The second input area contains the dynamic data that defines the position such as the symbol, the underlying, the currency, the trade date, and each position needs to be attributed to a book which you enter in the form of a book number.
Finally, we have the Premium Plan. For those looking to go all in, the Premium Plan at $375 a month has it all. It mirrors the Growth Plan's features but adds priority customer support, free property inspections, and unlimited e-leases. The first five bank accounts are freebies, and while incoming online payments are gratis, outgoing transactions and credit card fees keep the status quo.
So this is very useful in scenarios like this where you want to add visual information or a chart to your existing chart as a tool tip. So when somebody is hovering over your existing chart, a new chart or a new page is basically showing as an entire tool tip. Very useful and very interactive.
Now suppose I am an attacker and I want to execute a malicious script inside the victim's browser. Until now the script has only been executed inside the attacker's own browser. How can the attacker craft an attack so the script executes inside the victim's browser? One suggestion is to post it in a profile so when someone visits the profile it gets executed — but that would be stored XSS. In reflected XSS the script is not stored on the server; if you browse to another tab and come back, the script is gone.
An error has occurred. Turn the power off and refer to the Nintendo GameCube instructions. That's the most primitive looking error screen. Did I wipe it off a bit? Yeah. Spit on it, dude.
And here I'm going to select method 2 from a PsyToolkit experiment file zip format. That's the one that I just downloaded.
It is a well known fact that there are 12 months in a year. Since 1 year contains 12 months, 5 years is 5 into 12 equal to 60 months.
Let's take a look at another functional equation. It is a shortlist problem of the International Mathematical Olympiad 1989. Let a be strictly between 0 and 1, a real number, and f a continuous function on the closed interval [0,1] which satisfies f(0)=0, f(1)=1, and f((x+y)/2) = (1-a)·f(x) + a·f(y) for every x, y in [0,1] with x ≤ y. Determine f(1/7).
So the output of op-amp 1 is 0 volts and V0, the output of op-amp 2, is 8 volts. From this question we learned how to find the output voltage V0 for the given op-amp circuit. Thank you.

__________

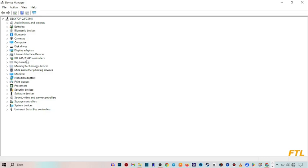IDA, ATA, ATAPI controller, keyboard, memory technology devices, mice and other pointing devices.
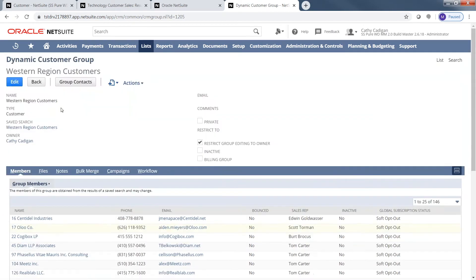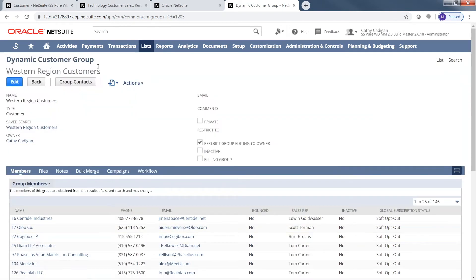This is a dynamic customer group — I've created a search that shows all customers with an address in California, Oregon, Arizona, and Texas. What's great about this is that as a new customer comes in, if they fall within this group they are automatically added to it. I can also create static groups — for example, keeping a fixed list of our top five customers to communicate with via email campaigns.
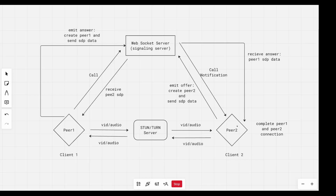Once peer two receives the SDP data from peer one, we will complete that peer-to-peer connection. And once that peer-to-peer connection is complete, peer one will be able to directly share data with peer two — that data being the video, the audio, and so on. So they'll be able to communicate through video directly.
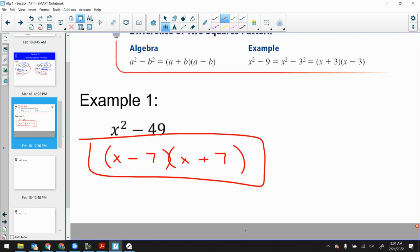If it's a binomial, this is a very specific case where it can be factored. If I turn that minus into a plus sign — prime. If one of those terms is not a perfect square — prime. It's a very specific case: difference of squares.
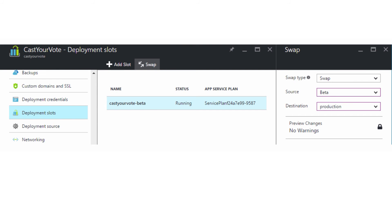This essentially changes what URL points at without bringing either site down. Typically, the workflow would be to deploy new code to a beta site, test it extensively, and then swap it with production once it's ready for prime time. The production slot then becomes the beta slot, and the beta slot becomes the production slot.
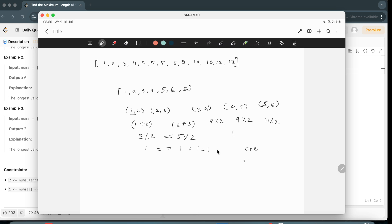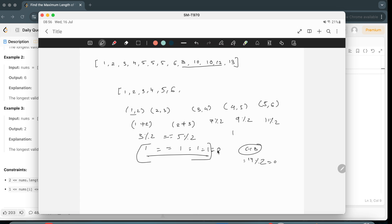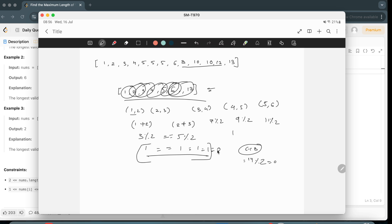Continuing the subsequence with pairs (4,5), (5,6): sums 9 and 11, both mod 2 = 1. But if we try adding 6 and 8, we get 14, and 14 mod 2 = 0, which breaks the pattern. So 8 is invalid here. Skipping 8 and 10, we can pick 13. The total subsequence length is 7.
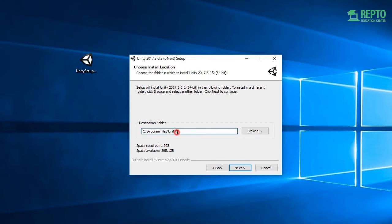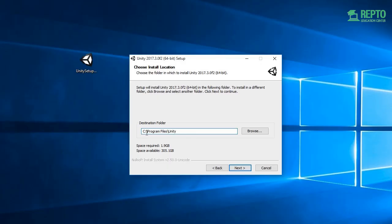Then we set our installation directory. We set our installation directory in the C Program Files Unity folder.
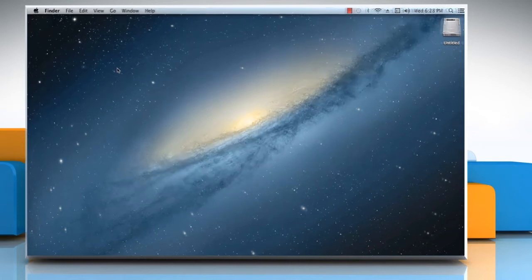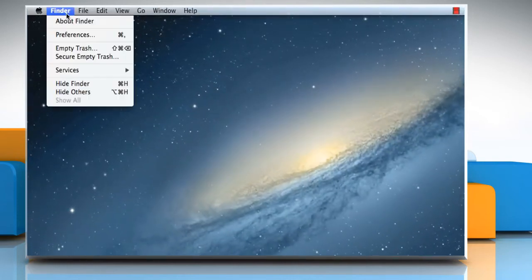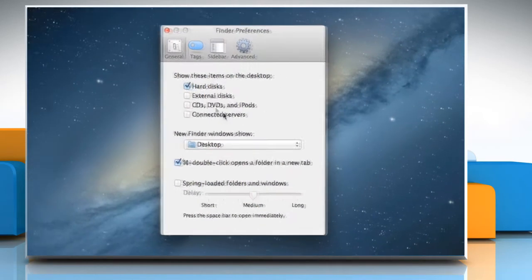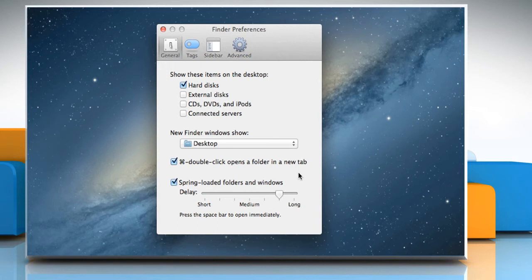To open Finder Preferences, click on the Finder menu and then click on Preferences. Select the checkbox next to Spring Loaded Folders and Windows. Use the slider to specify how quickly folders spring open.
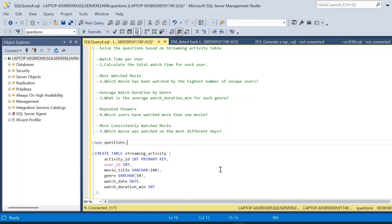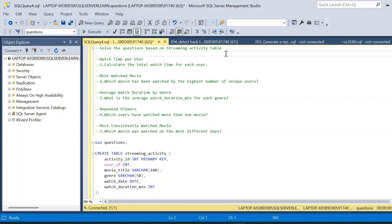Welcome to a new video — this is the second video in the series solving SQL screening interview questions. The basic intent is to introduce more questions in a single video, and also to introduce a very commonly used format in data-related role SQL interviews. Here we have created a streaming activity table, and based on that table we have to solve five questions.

__________

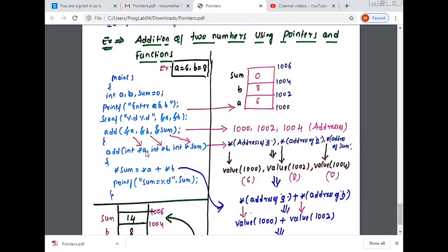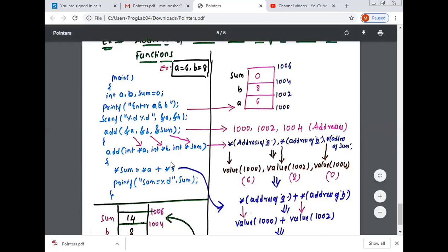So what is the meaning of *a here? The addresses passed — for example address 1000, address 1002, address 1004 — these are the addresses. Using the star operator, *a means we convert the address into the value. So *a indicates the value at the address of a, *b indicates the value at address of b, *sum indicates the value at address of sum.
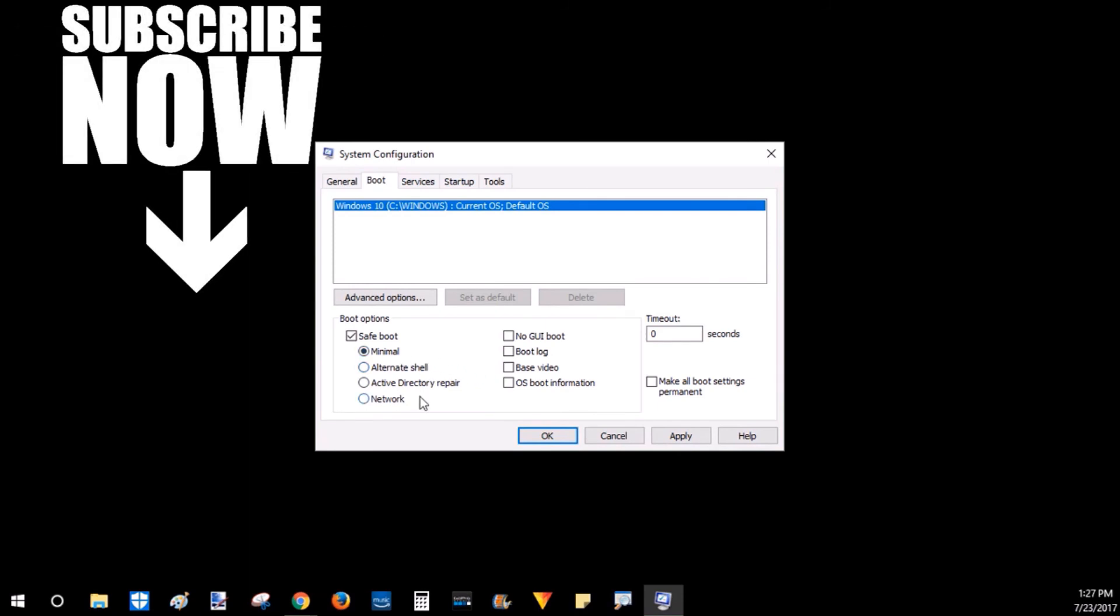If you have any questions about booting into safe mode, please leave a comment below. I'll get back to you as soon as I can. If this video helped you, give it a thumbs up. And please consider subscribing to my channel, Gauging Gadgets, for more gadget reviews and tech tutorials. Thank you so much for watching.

__________

What the exercise asks: In the listing above, find the line with "Now suppose I" and the line with "So the output"; output exactly those lines and all lines between them.

Response to this task:
Now suppose I am an attacker and I want to execute a malicious script inside the victim's browser. Until now the script has only been executed inside the attacker's own browser. How can the attacker craft an attack so the script executes inside the victim's browser? One suggestion is to post it in a profile so when someone visits the profile it gets executed — but that would be stored XSS. In reflected XSS the script is not stored on the server; if you browse to another tab and come back, the script is gone.
An error has occurred. Turn the power off and refer to the Nintendo GameCube instructions. That's the most primitive looking error screen. Did I wipe it off a bit? Yeah. Spit on it, dude.
And here I'm going to select method 2 from a PsyToolkit experiment file zip format. That's the one that I just downloaded.
It is a well known fact that there are 12 months in a year. Since 1 year contains 12 months, 5 years is 5 into 12 equal to 60 months.
Let's take a look at another functional equation. It is a shortlist problem of the International Mathematical Olympiad 1989. Let a be strictly between 0 and 1, a real number, and f a continuous function on the closed interval [0,1] which satisfies f(0)=0, f(1)=1, and f((x+y)/2) = (1-a)·f(x) + a·f(y) for every x, y in [0,1] with x ≤ y. Determine f(1/7).
So the output of op-amp 1 is 0 volts and V0, the output of op-amp 2, is 8 volts. From this question we learned how to find the output voltage V0 for the given op-amp circuit. Thank you.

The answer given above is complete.